= High Council of Judges and Prosecutors (Monaco) =

Disciplinary body of the legal system of Monaco

The High Council of Judges and Prosecutors (Le Haut Conseil de la Magistrature) is a collegial body invested with a preponderant role within the framework of the administration of justice of the Principality of Monaco. The High Council of Judges and Prosecutors was instituted by the law n° 1364 of November 16, 2009 relating to the statute of the magistracy. In November 2018, the new members of the High Judicial Council have been introduced in their new functions, under the chairmanship of Laurent Anselmi, Director of Judicial Services.

== Mission ==
The High Council's mission is to ensure that fairness, equal treatment and all the principles that a rule of law must respect in the management of magistrates' careers are observed. The High Council is also called upon to exercise disciplinary power with regard to magistrates, the disciplinary procedure being surrounded by reinforced guarantees tending, in particular, to ensure respect for its adversarial nature. The High Council of Magistracy can be consulted by the Prince on any question relating to the organization and functioning of justice.

== Composition ==
The High Council of Judges and Prosecutors is composed of seven members and acts with no less than five members:

- President - The Secretary of Justice
- Vice-President - The First President of the Court of Revision
- A full member of the Crown Council
- A full member appointed by the National Council
- A full member appointed by the Supreme Court
- Two members elected by the judges

=== Members ===
As of 2021 the members of the High Council of Judges and Prosecutors are:

==== Full members ====
- Philippe Orengo, appointed by the Crown Council;
- Yves Strickler, appointed by the National Council;
- Dominique Adam, appointed by the Supreme Court;
- Éric Senna, Counselor at the Court of Appeal, elected by the second college of the judiciary;
- Magali Ghenassia, Vice-president at the Court of First Instance, elected by the first college of the judiciary.

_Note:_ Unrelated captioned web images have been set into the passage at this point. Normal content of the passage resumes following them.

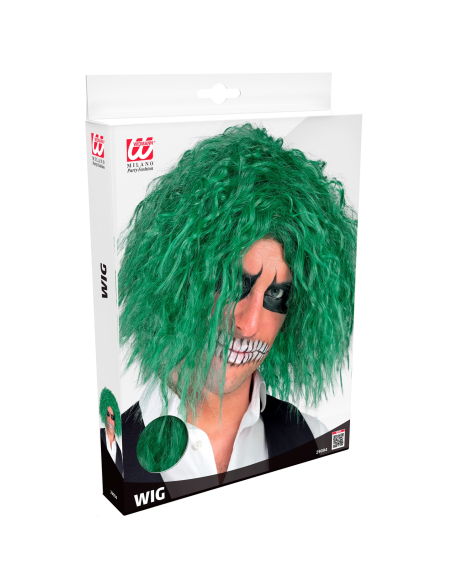 Perruque Joker Verte Frisée – Inspirée du Clown Déjanté de The Dark Knight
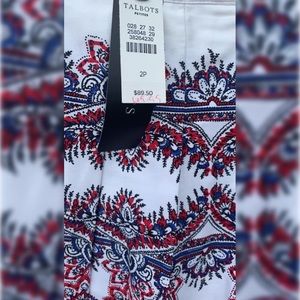 TALBOTS PETITES || Pleated Skirt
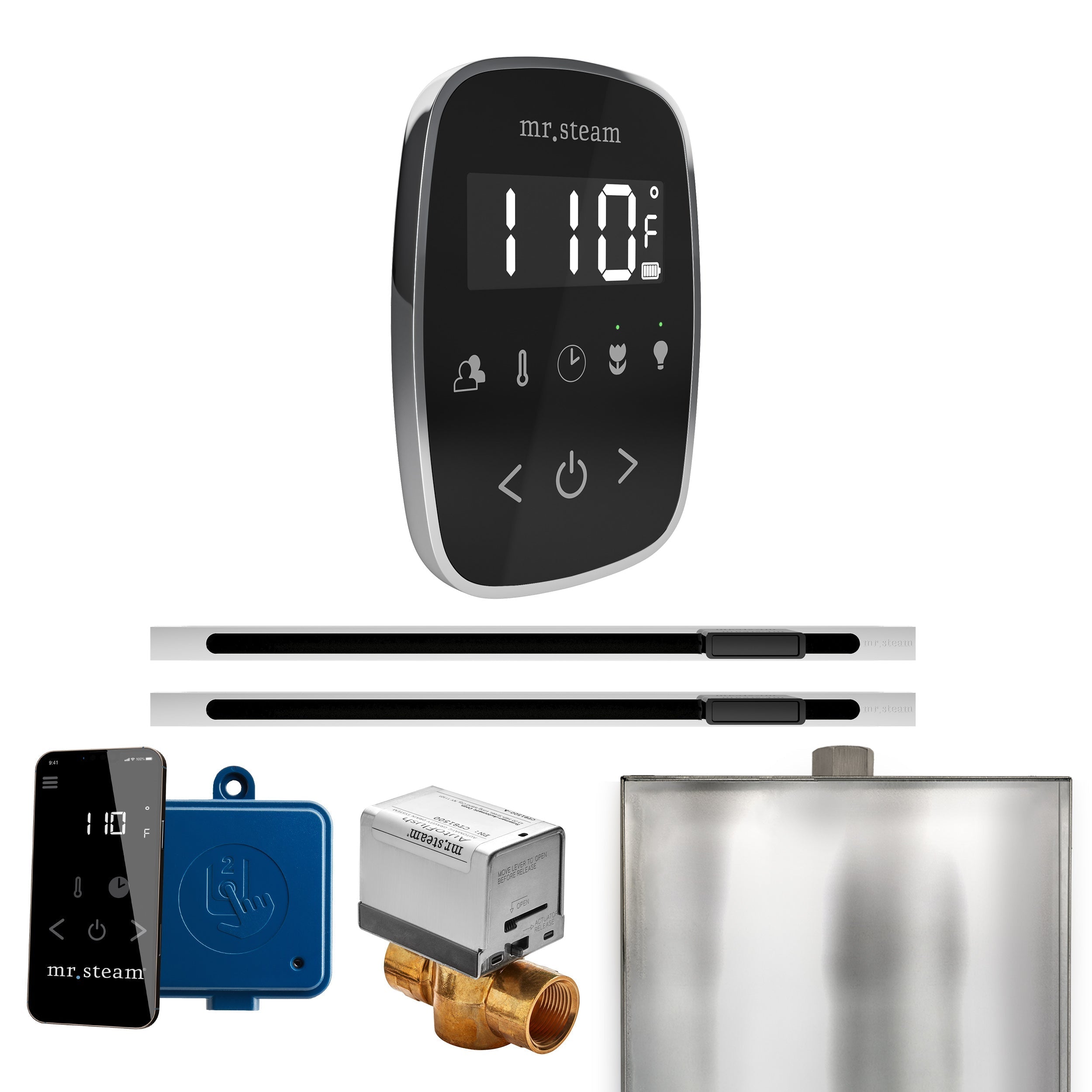 Mr. Steam ButlerFlex Max Steam Shower Control Package with TempoFlex Control and Linear Steamhead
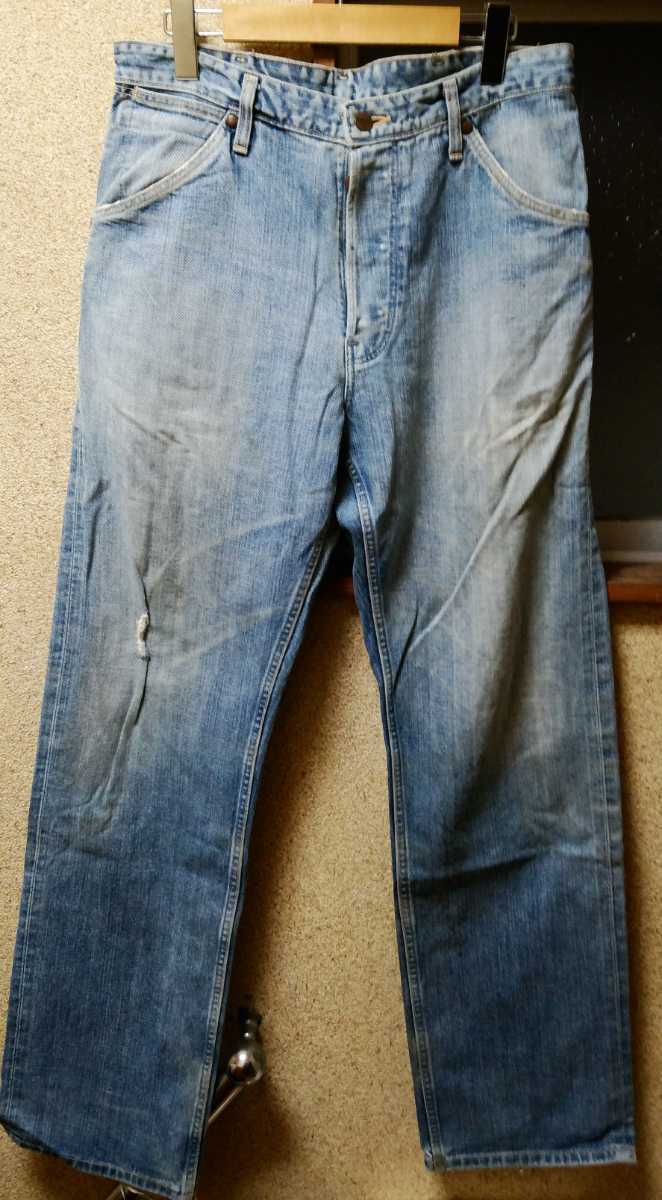 Wrangler ラングラー 赤耳 デニムジーンズ Denim アウトレットセール 特集 高品質新品 Jeans BLUEBELL ボタンフライ ストレートジーンズ メンズ W34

==== Alternate members ====

- Laurent Le Mesle, Advisor to the Court of Revision, appointed by the said Court to replace the Vice-president ex officio;
- Olivier Echappe, Counselor at the French Court of Cassation, appointed by the Crown Council;
- Béatrice Bardy, appointed by the National Council;
- Mathieu Disant, Associate Professor of the Faculties of Law, Professor at the University Jean Monnet - Lyon Saint-Étienne, appointed by the Supreme Court;
- Adrien Candau, Judge at the Court of First Instance, elected by the first college of the judiciary;
- Cyrielle Colle, First Substitute of the Attorney General, elected by the second college of the judiciary.